Cooper spokesman Jordan Monaghan said the state is "constantly updating guidance to ensure cyber security and is reviewing state government use of TikTok and considering potential additional safety measures."

TikTok's media relations office didn't immediately respond to a request for comment sent through the company's website.

TikTok is one of the world's most popular social media applications, allowing people to shoot, edit and post short videos from their cell phones. It's particularly popular with young people.

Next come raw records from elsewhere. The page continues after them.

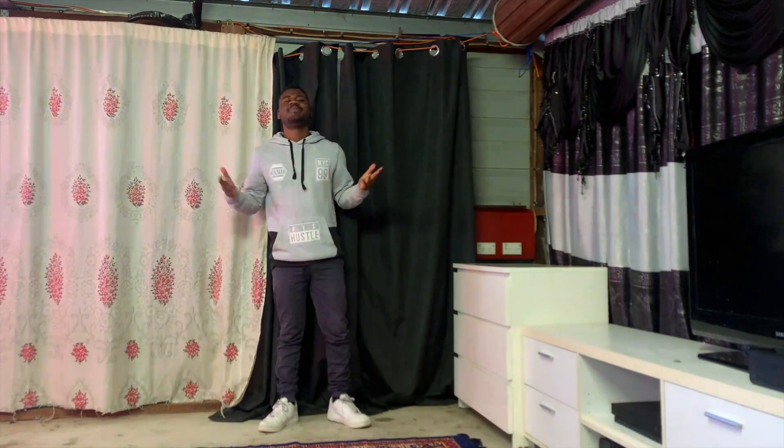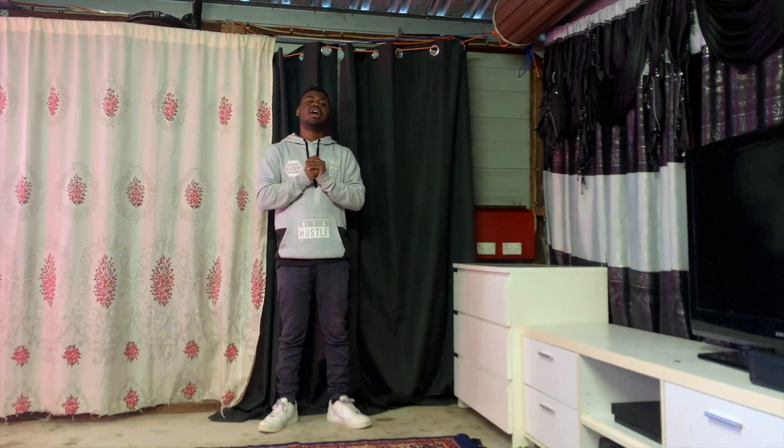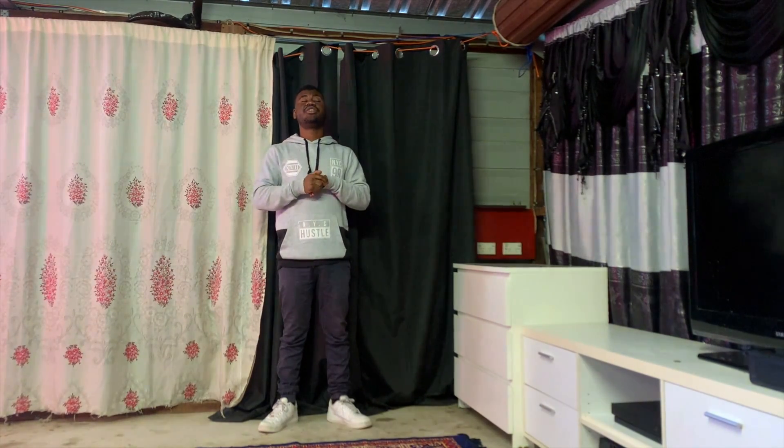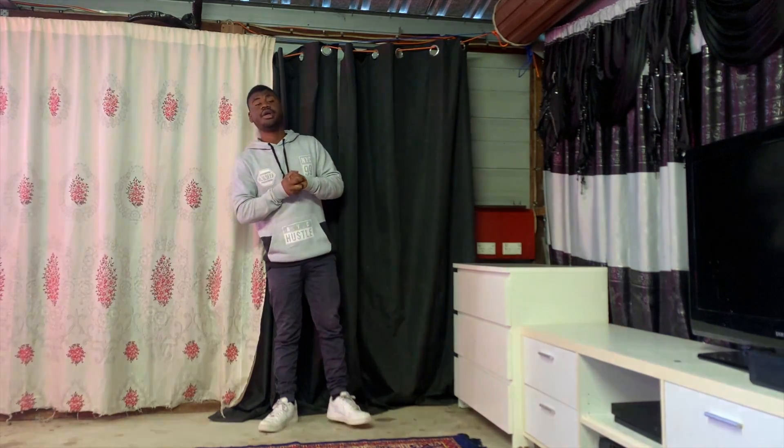What's going on everybody, it's Dave back with another video. Today I'm back at it again with another dance choreography. In today's video I'm gonna teach you guys how to do the 'Don't You Miss Me' dance choreography, step by step and break it down.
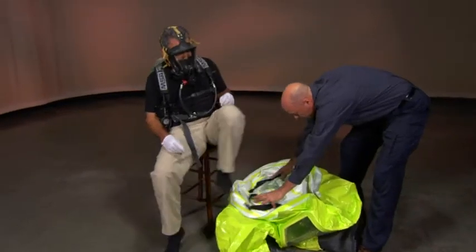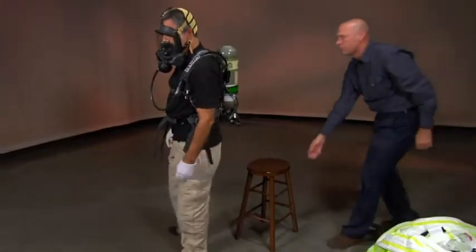Continue to roll the suit inside out to the wearer's ankles. Carefully have the wearer step out of the suit as the doffing helper removes the suit.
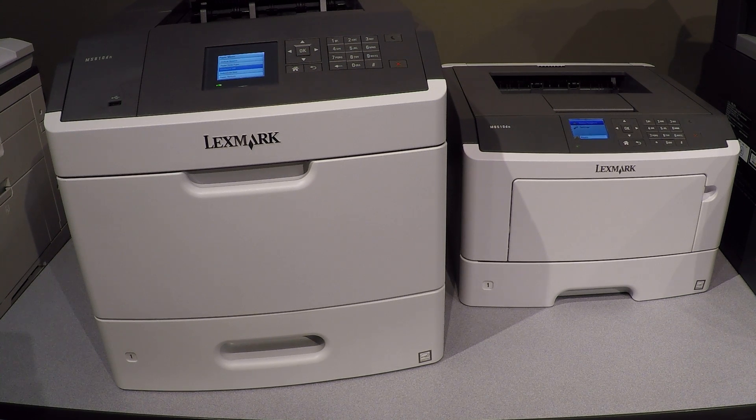Hello from CEI, the digital office in Raleigh, North Carolina. In this segment we're going to be working with Lexmark office workgroup printers.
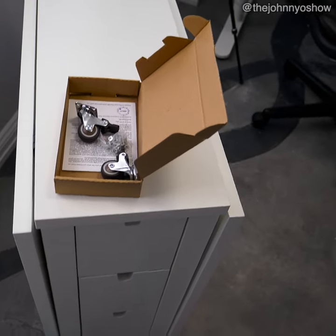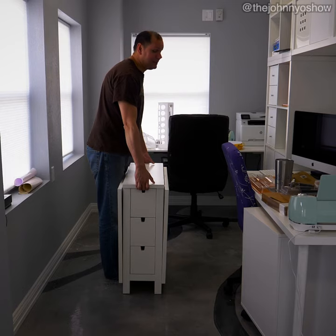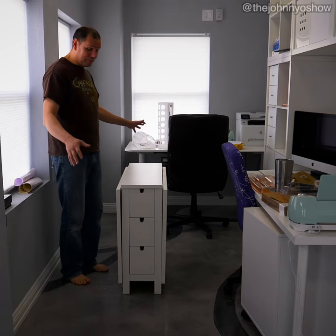This table is a beast. It weighs 90 pounds. Yeah, it's pretty heavy — not something you can just move around.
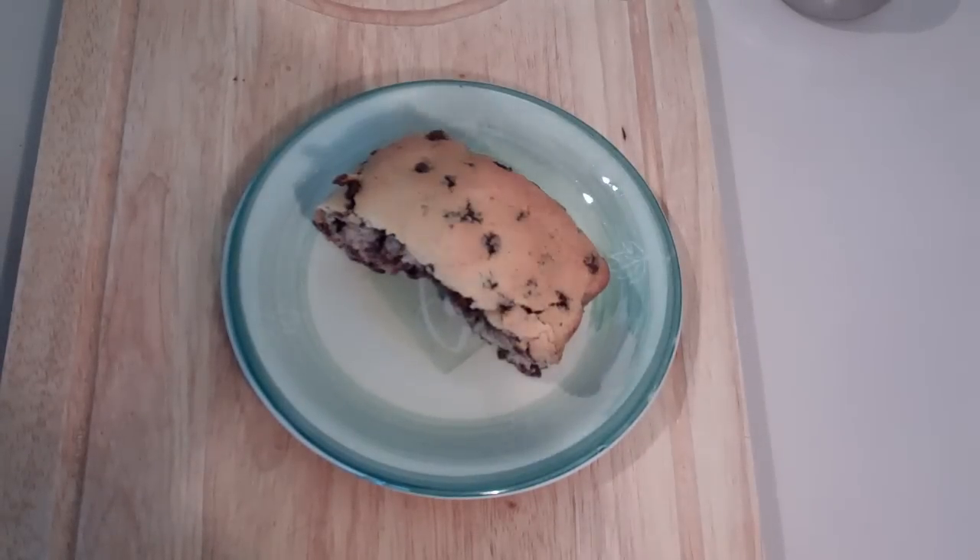So there you have it guys, my choc chip cake. Now the beauty about this cake is that when you bring it out of the oven, just leave it to rest on the bench for about five minutes, then take it out of the tin. If you want to eat it warm so all that chocolate is just oozing through the cake, go for it.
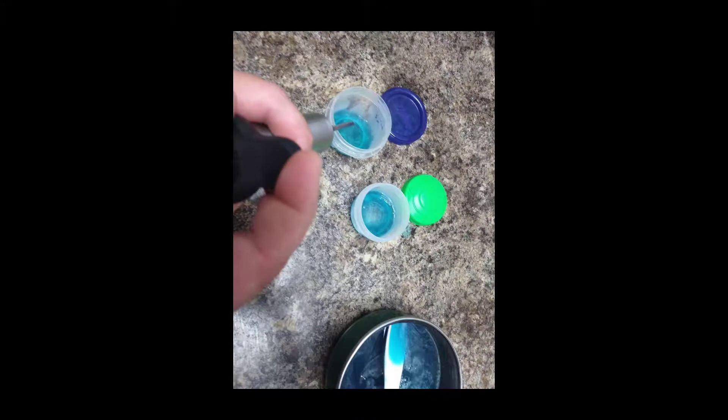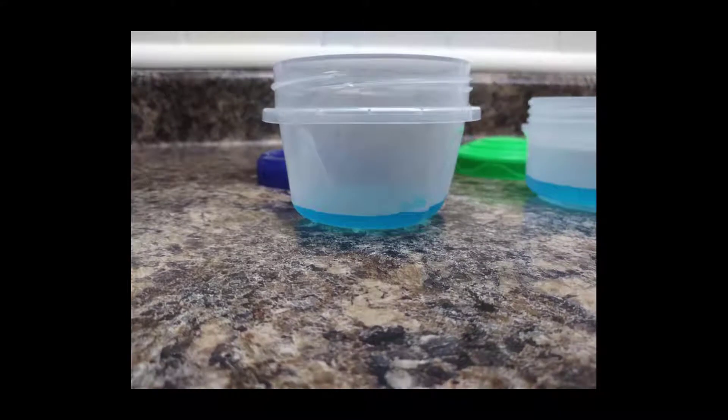Once the agar is ready, put a thin layer in each plate. I like to use the basin strands — it'll help you measure out the amount you need in each plate and also helps so you don't make a mess.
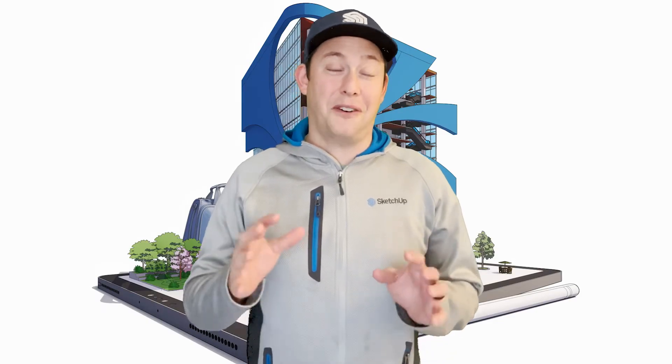I'm Donovan, and SketchUp for iPad is my favorite way to model. Today I wanted to talk about different drawing modes on SketchUp for iPad.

It's owned by ByteDance, which is based in Beijing, and for years government officials and privacy advocates have warned that the Chinese government may be mining data on Americans through the app. CIA Director Bill Burns told PBS NewsHour earlier this month that China's government can “insist upon extracting the private data of a lot of TikTok users in this country and also shape the content of what goes on to TikTok as well to suit the interests of the Chinese leadership.”
A $1.7 trillion spending bill that passed Congress last week, which President Joe Biden is expected to sign, includes a ban for federal devices. Republican governors in at least 15 states have done something similar, and today Kansas Gov. Laura Kelly became the first Democratic governor to take such a step, according to the Associated Press.

In their letter, Saine, R-Lincoln, and Hardister, R-Guilford, said they hope Cooper will act immediately.

"If sensitive data is breached, it could pose both an economic and a security threat for North Carolina," they wrote. "We have a responsibility to prevent this from happening."